First, a machine or computer vision analysis circuit (e.g., the image processor circuit 530) can receive a video input stream (e.g., the image signal 523) from a camera (e.g., the camera 301 and/or the video image source 521) and, in response, provide or determine a face rectangle and/or information about a position of one or both eyes of a listener, such as using a first algorithm. The first algorithm can optionally use a distortion correction module before or after detecting the face rectangle, such as based on intrinsic parameters of the image source (e.g., of the camera or lens) to improve a precision of listener position estimation.

The machine or computer vision analysis circuit (e.g., the image processor circuit 530) can calculate a distance from the image source (e.g., from a depth sensor or camera) to the listener's face center (e.g., in millimeters) using the estimated face rectangle width (e.g., in pixels) or eye distance (e.g., in pixels).

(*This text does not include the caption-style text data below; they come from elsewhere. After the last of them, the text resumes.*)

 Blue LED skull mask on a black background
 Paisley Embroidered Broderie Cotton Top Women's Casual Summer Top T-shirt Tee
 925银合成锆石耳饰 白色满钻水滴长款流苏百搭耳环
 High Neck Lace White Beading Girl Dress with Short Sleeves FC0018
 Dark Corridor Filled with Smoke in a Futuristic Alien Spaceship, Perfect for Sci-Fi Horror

The distance calculation can be based on camera hardware parameters or experimental calibration parameters, among other things, for example using an assumption that a face width or distance between eyes is constant. In an example, an eye distance and/or head width can be assumed to have a fixed or reference value for most listeners, or for listeners most likely to be detected by the system. For example, most adult heads are about 14 cm in diameter, and most eyes are about 5 cm apart. These reference dimensions can be used to detect or correct information about a listener's orientation relative to the depth sensor or camera, for example, as a precursor to determining the listener's distance from the sensor. In other words, the system can be configured to first determine a listener's head orientation and then use the head orientation information to determine a distance from the sensor to the listener.

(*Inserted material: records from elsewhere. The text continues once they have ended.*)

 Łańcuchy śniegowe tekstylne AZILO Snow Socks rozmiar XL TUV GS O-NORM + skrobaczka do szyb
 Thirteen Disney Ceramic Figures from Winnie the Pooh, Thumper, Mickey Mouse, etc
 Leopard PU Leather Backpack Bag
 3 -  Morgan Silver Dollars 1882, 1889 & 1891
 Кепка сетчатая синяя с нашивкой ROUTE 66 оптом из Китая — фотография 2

In an example, an eye distance, or interpupillary distance, can be assumed to be about 5 cm for a forward-facing listener. The interpupillary distance assumption can be adjusted based on, for example, an age or gender detection algorithm. The interpupillary distance corresponds to a certain width in pixels in a received image, such as can be converted to an angle using eye positions in the image, the camera's field of view, and formulas presented herein for the similar ‘face width’ algorithm. In this example, the angle value corresponds to a particular distance from the camera. Once a reference measurement is made (e.g., a reference distance to a listener in millimeters and corresponding interpupillary distance in pixels, such as converted to radians), a distance to the listener can be determined using a later-detected interpupillary distance, such as for the same or different forward-facing listener.

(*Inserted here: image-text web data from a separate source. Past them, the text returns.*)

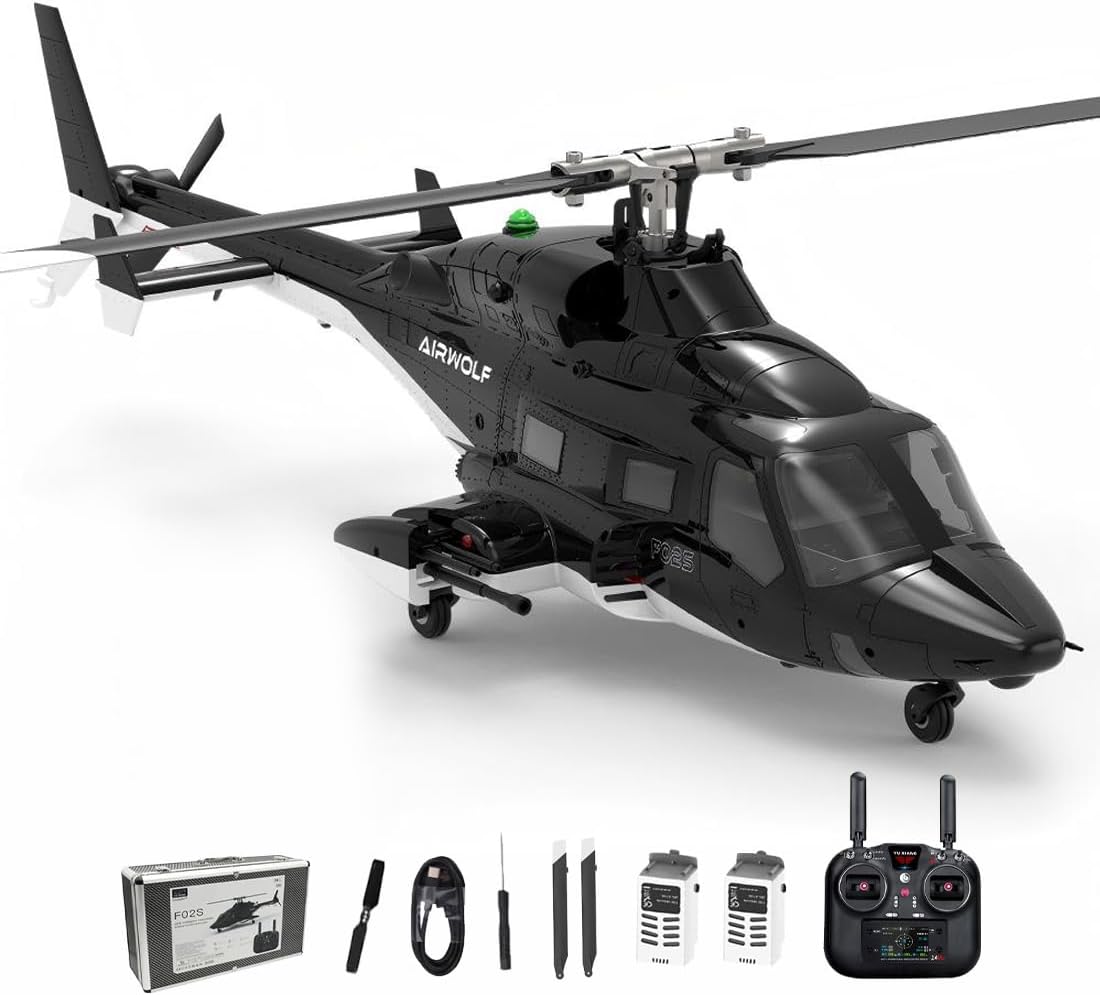 YU Xiang Air-Wolf Replica GPS RC Helicopter with Optical Flow Radar, F02S 1:34 Scale 8CH Dual Brushless Motors RC Helicopter with Telemetry Transmitter & Metal Servo for Pro Enthusiast - RTF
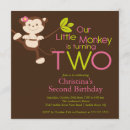 Search for monkey 2nd birthday invitations Cute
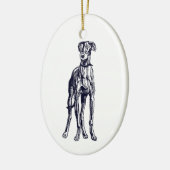 Engelse windhond keramisch ornament (Links)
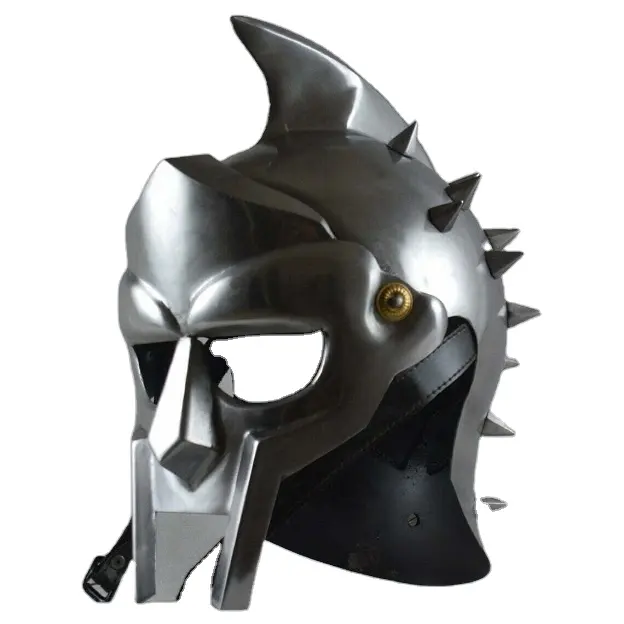 Maximus Gladiator Helmet 300 Movie maximus Decimus meridian's Gladiator helmet Antique Greek Helmet With Wooden Stand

For a listener who may be facing a direction other than forward (e.g., at an angle relative to the camera), information from a head-orientation tracking algorithm (e.g., configured to detect or determine head yaw, roll and/or pitch angles) can be used to rotate a detected eye center position on a sphere of, for example, 143 millimeters diameter for an adult face. As similarly explained above for interpupillary distance, the assumed or reference head diameter can be changed according to, for example, the listener's age or gender. By rotating the detected eye center about the hypothetical sphere, corrected or corresponding forward-facing eye positions can be calculated.

Following the distance calculation, an optional classification algorithm can be used to enhance or improve accuracy of the position or distance estimation. For example, the classification algorithm can be configured to determine an age and/or gender of the listener and apply a corresponding face width parameter or eye distance parameter.

Next, with knowledge of the face image center in pixels (e.g., image_width/2, image_height/2) and the face center in pixels, the method can include calculating horizontal and vertical distances in the face plane in pixels. Assuming a constant adult face width (e.g., about 143 millimeters) and its detected size in pixels, the distances can be converted to millimeters, for example using:

distance (mm)=distance(pixels)*face_width (mm)/face_width(pixels).

Using the two distance values, the method can continue by calculating a diagonal distance from the image center to the face center. Now with a known distance from the camera to the listener's face and distance from the image center to the listener's face, the Pythagorean theorem can be used to calculate a distance to the face plane.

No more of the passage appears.